Rachinger: Genau, wir brauchen diesen dritten Ort, Menschen leben zu Hause in der Wohnung, gehen in die Arbeit, und dann brauchen sie einen dritten Ort wie Kaffeehäuser, oder eben auch Bibliotheken. Wir müssen uns deshalb bei räumlichen Bibliothekskonzepten sehr genau überlegen, wie wir sie gestalten. Das stellt uns in der ÖNB immer wieder vor große Herausforderungen, weil unsere Möglichkeiten innerhalb der Hofburg begrenzt sind. Trotzdem ist es uns in den letzten Jahren gelungen, die Lesesäle stark den Bedürfnissen der Benützer anzupassen, indem wir sie mit Klimaanlagen, w-lane, behindertengerechten Zugängen, komfortablen Möbeln, guter Beleuchtung etc. ausgestattet haben. Wir haben aber auch großzügige Kommunikationsbereiche und eine moderne Kantine eingerichtet. Irgendjemand hat einmal gesagt, dass Bibliotheken auch eine Dorfbrunnenfunktion haben. Das hat mir gut gefallen.

Standard: Aber der Dorfbrunnen bietet vor allem ungesicherten Klatsch.

Rachinger: Na und? Menschen brauchen beides. Sie kommen zu uns wegen des Wissens und um zu Lernen, und dann gehen sie in die Kommunikationslounge, um sich zu unterhalten oder zu entspannen, lesen die Zeitung oder den Comic, den sie mitgebracht haben. Diese Funktion von Ruhe und Kommunikation werden Bibliotheken auch in Zukunft erfüllen.

Standard: Wenn Bücher nicht nur gedruckt, sondern auch elektronisch erscheinen, was hebt die ÖNB dann künftig auf?

Rachinger: Im Moment sammeln wir noch das gedruckte Buch, es sei denn es gibt nur eine digitale Ausgabe, dann wird diese gesammelt.

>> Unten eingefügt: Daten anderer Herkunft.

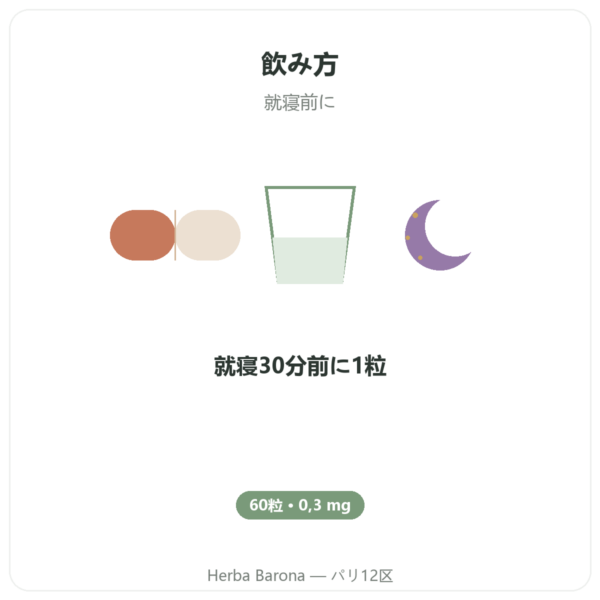 植物性メラトニン Dynveo 0.3 mg 60カプセル directions and dosage Paris Herba Barona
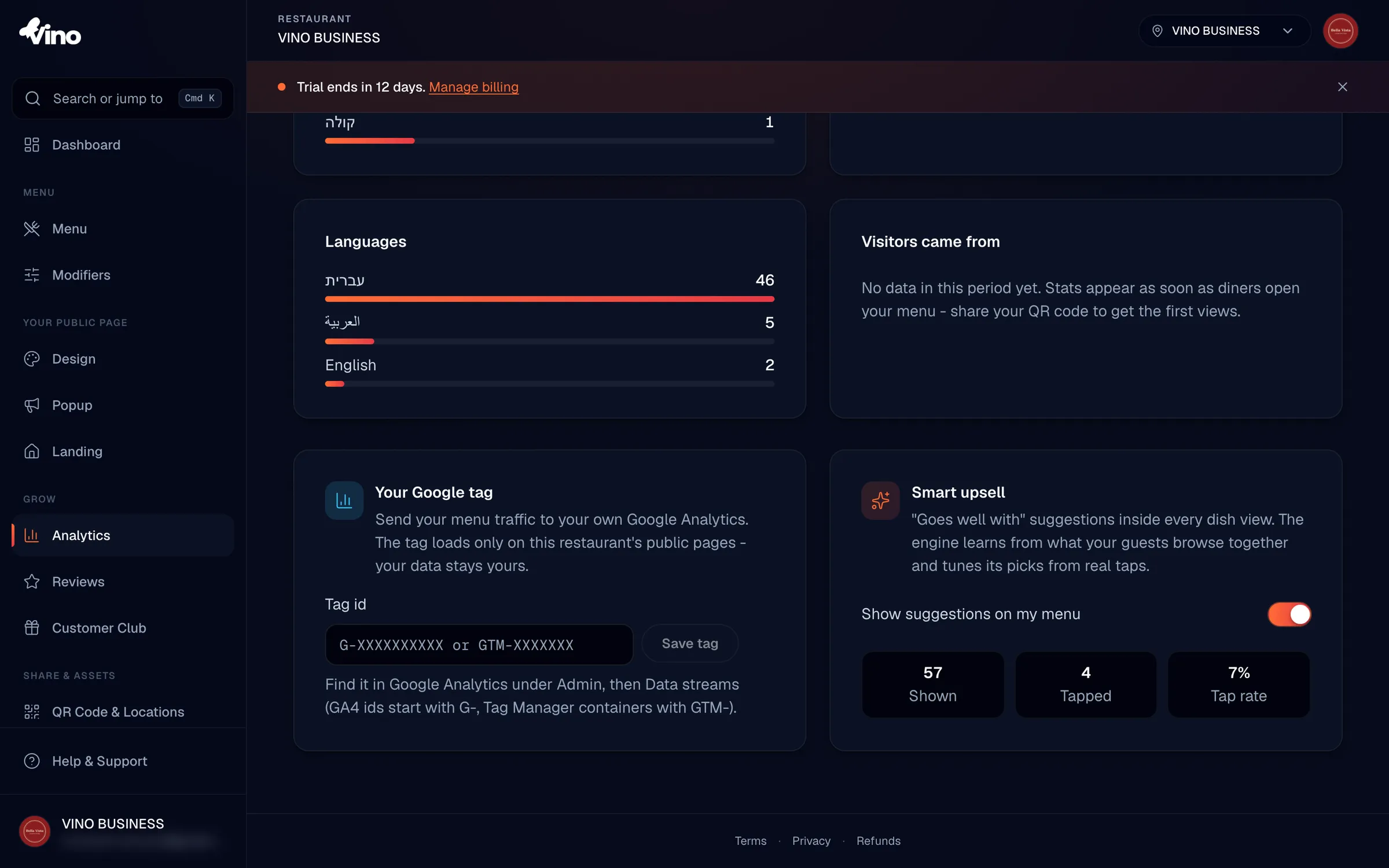 La sezione degli strumenti di crescita con una scheda Tag Google contenente un campo per l'ID del tag e un pulsante Salva tag, accanto a una scheda Upsell intelligente con un interruttore Mostra suggerimenti e le statistiche Mostrati, Toccati e Tasso di tocco.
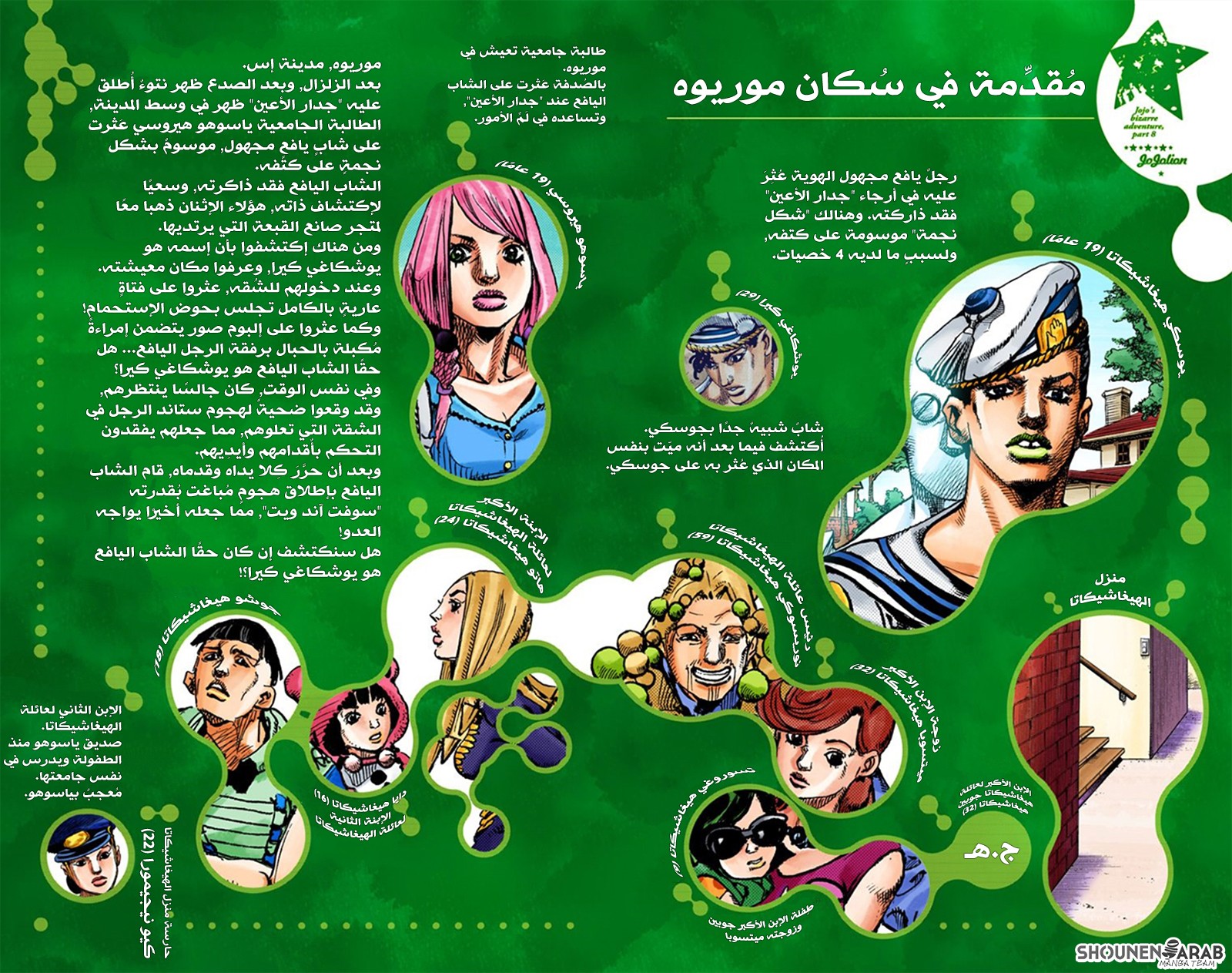 JoJo's Bizarre Adventure Part 8 - JoJolion: Chapter 10 - Page 4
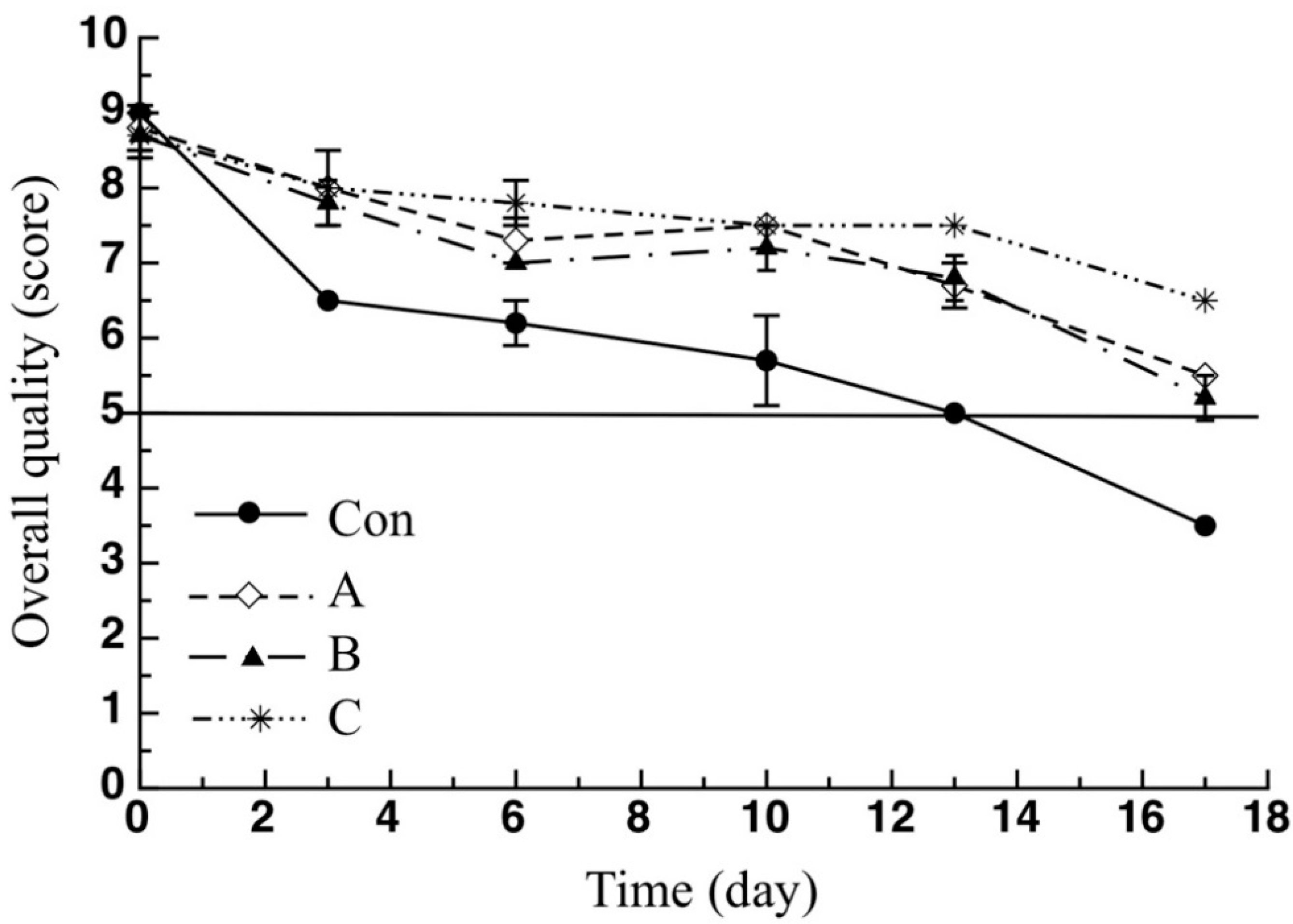 Molecules 26 02385 g005 Molecules 26 02385 g005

Es wird aber zu diskutieren sein, ob das nicht umgedreht werden soll, weil es zukunftsorientierter ist und wir schon sehr viel Know-how in die Langzeitarchivierung investieren. Womit wir jedoch in einigen Jahren ganz stark konfrontiert sein werden ist die Finanzierung der Speicherung der Daten. Wir speichern immer mehr Inhalte, und das wird mit enormen Kosten verbunden sein. Mag sein, dass wir uns in ferner Zukunft physische Bücherspeicher sparen, aber die Kosten werden deshalb nicht geringer werden.

Standard: Haben Sie Sorgen, dass unterschiedliche elektronische Formate ein dauerhaftes Problem bleiben werden?

Rachinger: Ich habe großes Vertrauen in die technischen Entwicklungen. Wir müssen bei allem, was Langzeitarchivierung betrifft, am Ball bleiben, die Lesbarkeit der Daten immer wieder prüfen und Updates machen. Aber die Entwicklung ist so, dass wir darauf vertrauen können, das auch in Zukunft meistern zu können.

Standard: Es wird in der digitalen Welt künftig keine erste Luther-Bibel mehr geben - der nächste Luther schreibt sein Werk auf einem Computer, und die Datei schaut durch ständiges Kopieren in tausend Jahren noch so aus wie heute. Welche Rolle spielt für eine Bibliothek künftig noch das Original?

Rachinger: Ich bin überzeugt davon, dass es so etwas gibt wie die Aura des Originals, durch meine Arbeit bin ich oft damit konfrontiert. Es macht einen Unterschied ob Sie die Partitur des Mozart-Requiems als Kopie oder im Original sehen. Das Original berührt auf eine ganz besondere Weise. In der digitalen Welt gibt es keine Aura mehr, da geht es ausschließlich um Inhalte und wie schnell und einfach wir sie erschließen können. Das können diese neuen Medien leisten - aber das Original selbst, das wird es nicht mehr geben.